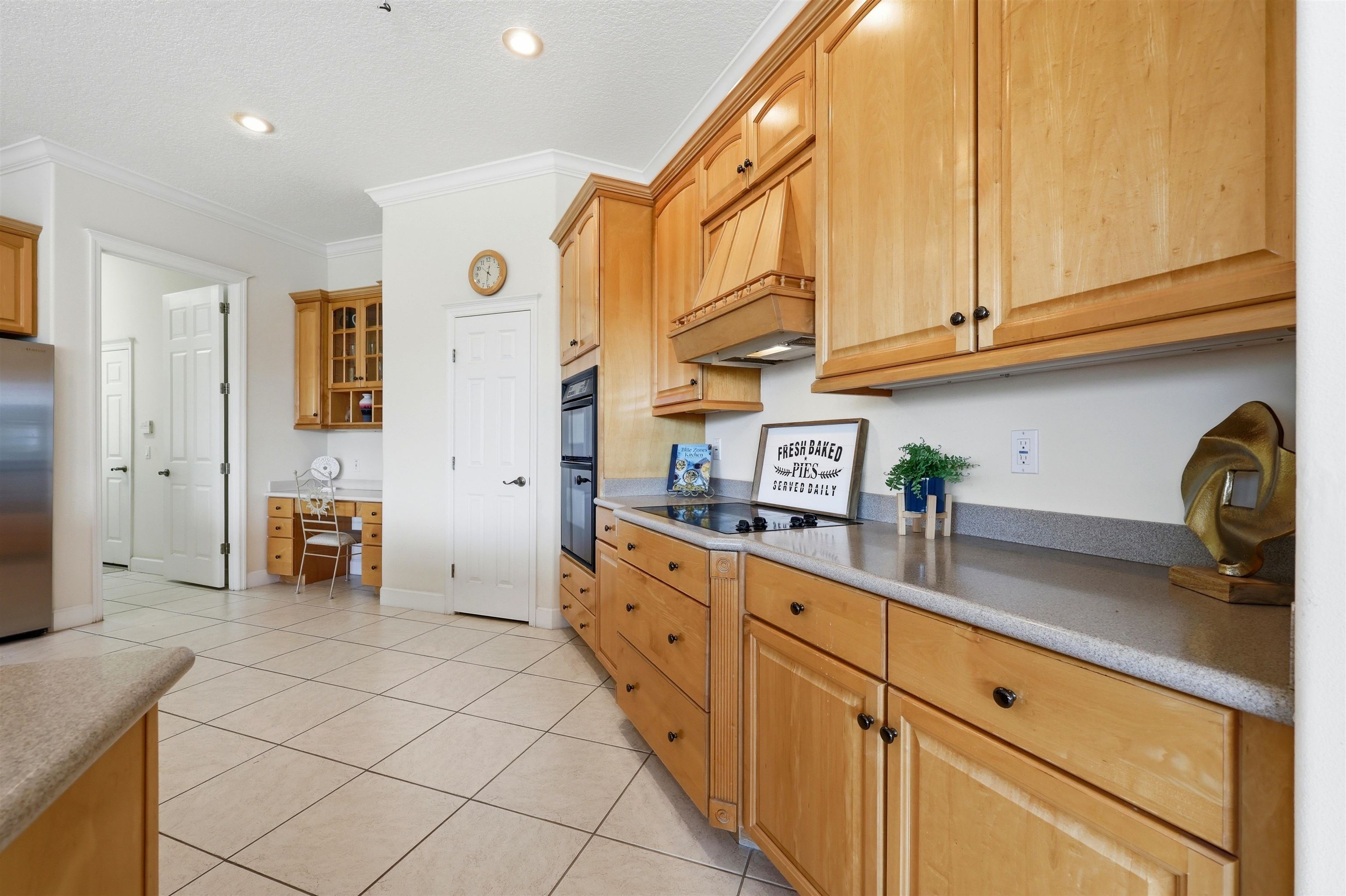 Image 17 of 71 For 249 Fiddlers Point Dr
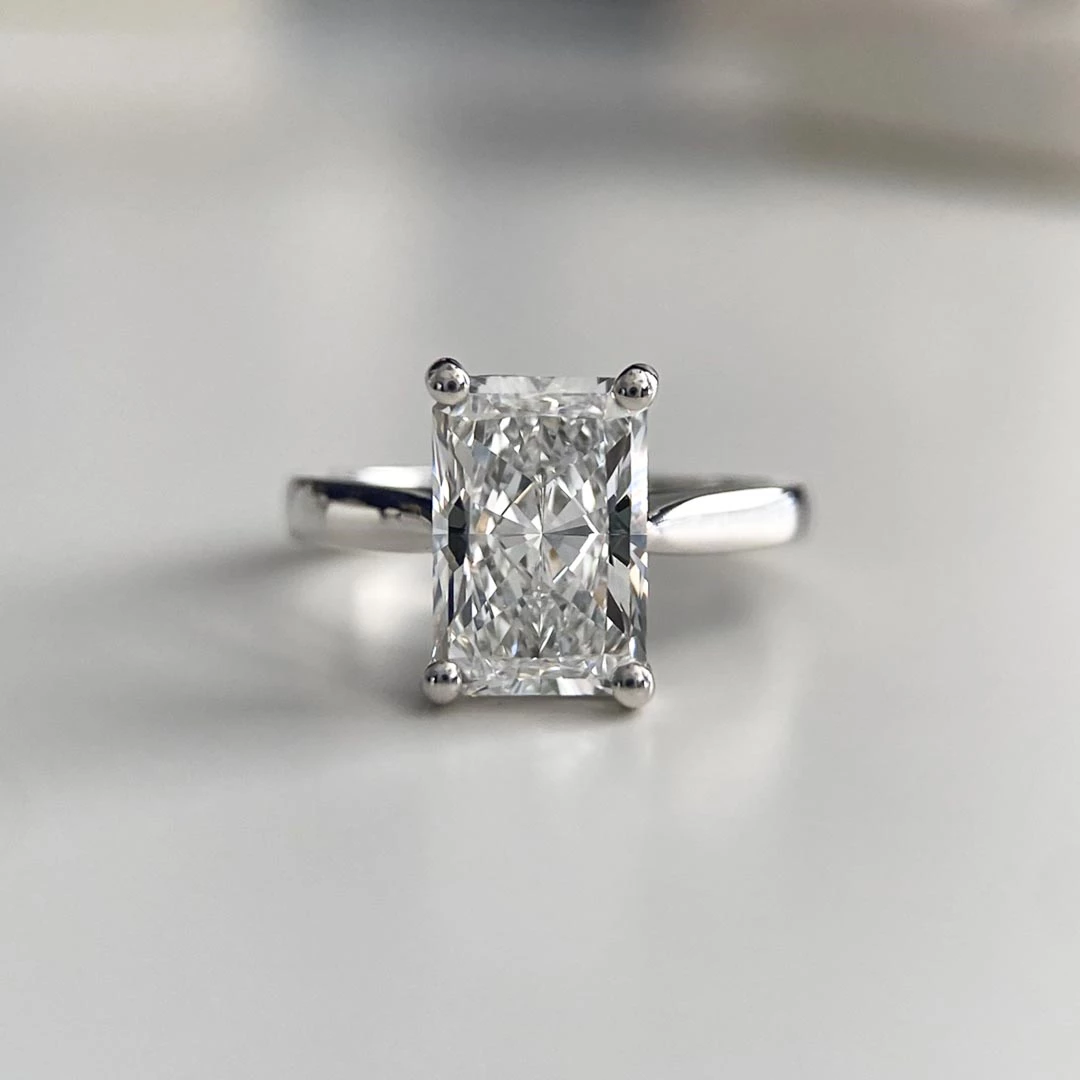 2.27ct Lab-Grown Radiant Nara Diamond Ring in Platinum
****************
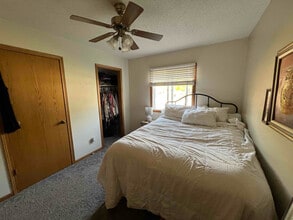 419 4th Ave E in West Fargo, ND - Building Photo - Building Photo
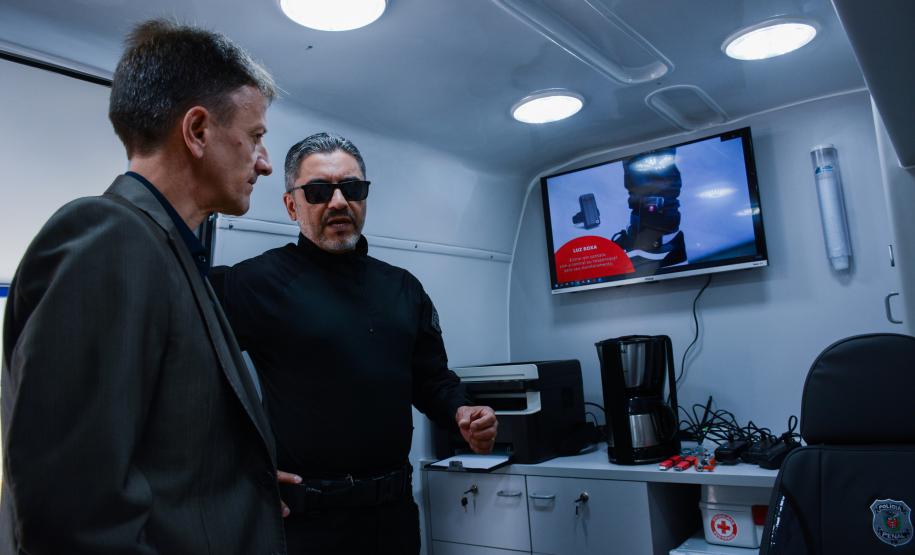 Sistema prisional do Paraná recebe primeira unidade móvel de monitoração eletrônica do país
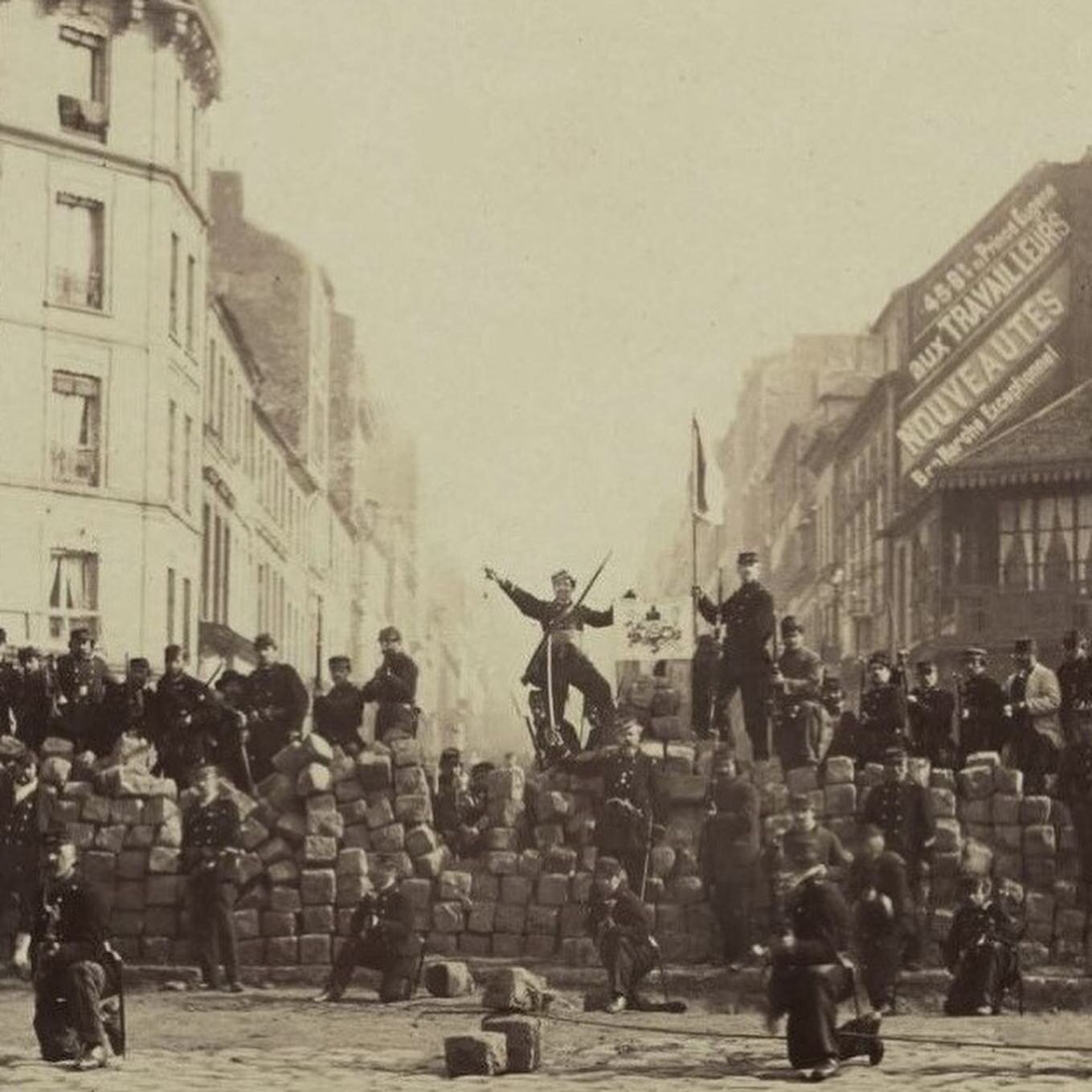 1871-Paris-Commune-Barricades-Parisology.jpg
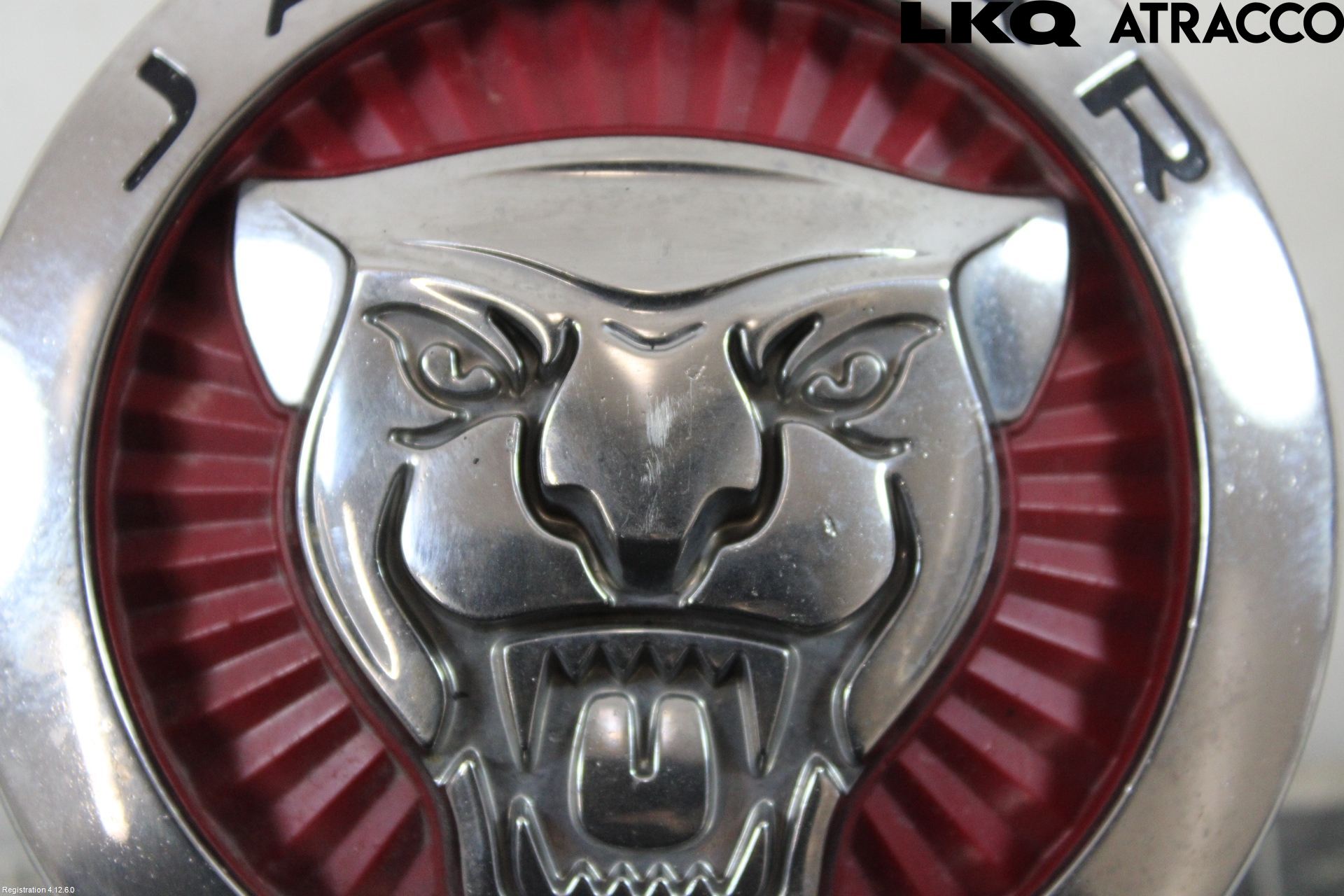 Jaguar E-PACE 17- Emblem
****************
→ Task to complete:
Out of the records above, return only the lines from the one with "Sistema prisional do" through the one with "Jaguar E-PACE 17- Emblem", exactly, and none of the pictures.

→ Your response:
 Sistema prisional do Paraná recebe primeira unidade móvel de monitoração eletrônica do país
 1871-Paris-Commune-Barricades-Parisology.jpg
 Jaguar E-PACE 17- Emblem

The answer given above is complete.